Investors and regulators fear there isn't enough competition among private equity firms for deals. But new data show the number of competing bids is up sharply
Maybe the deal didn't seem up to Four Seasons standards. On Feb. 12, the luxury Four Seasons hotel group said it had agreed to a $3.37 billion buyout of the company, led by Chief Executive Isadore Sharp. The other backers of the deal include Microsoft (MSFT) Chairman Bill Gates and Saudi Prince Alwaleed Bin Talal. Investors had clearly been betting on a higher price than the $82 a share Sharp had proposed last year (see BusinessWeek.com, 11/7/06, "Barring the Door at the Four Seasons"). The stock had closed at $83.88 on Feb. 9 and slipped on news of the company's acceptance. "[W]e believe some investors may be disappointed," wrote analyst William Truelove of UBS (UBS) in a research note, "however, we believe this offer is good value."
As the mergers-and-acquisitions boom hits all-time records, investors and federal regulators have been concerned that there isn't enough competition for corporate buyouts. The Justice Dept. is investigating "club deals," in which several private equity firms work as partners to make a big acquisition (see BusinessWeek.com, 10/10/06, "Justice Probes Private Equity Firms"). If one group of firms includes several others in a single bid, it could decrease the chances that a competing offer would materialize and drive up the price of a deal. The concern in deals with one bidder, as was the case for the Four Seasons, is that the acquirer may be paying an artificially low price and selling shareholders may be getting less than they otherwise could.
Funds Fuel Buyout Battles
But new data show that the private equity market has actually become much more competitive in the past two years.

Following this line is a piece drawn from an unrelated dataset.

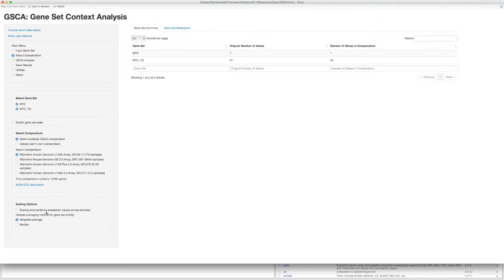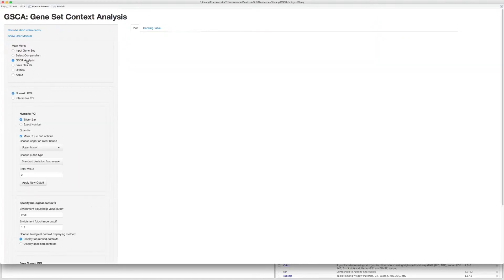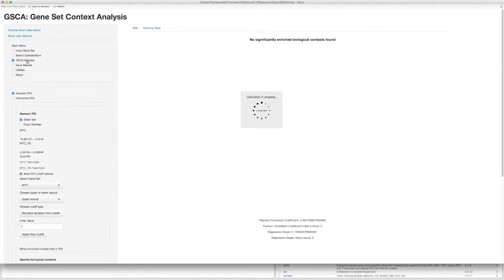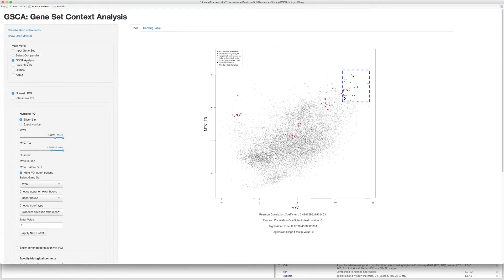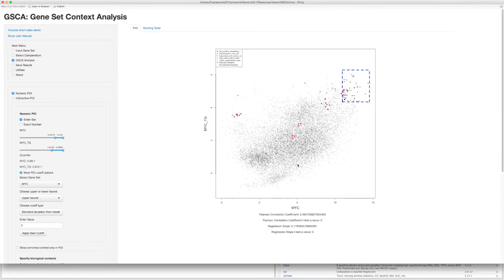Now let's go to the third step to run GSCA analysis. For two gene sets, GSCA will display a scatter plot where X and Y axes represent the gene expression values of the two gene sets. Each dot in the scatter plot represents a sample.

According to market researcher Dealogic, there were multiple bids for 29% of the private equity buyouts last year, up from just 4% in 2005. Although 2007 is only six weeks old, the figure has risen sharply so far this year, with 70% of announced private equity buyouts having multiple bids. "There are many more competitive bids right now, and that is because so much more money is going around," says Robert Profusek, co-head of the M&A practice at the global law firm Jones Day in New York.
Pension funds, university endowments, and others have been pouring money into the category of late. Global private equity funds raised a record $406 billion in 2006, according to Private Equity Intelligence, a market researcher in London. Institutional investors have been lured in by the strong returns, with some top funds generating returns of 30% or more. The average return for the Standard & Poor's 500-stock index is 8.65% (see BusinessWeek.com, 2/6/07, "How Texas Pacific Cleaned Up at J. Crew").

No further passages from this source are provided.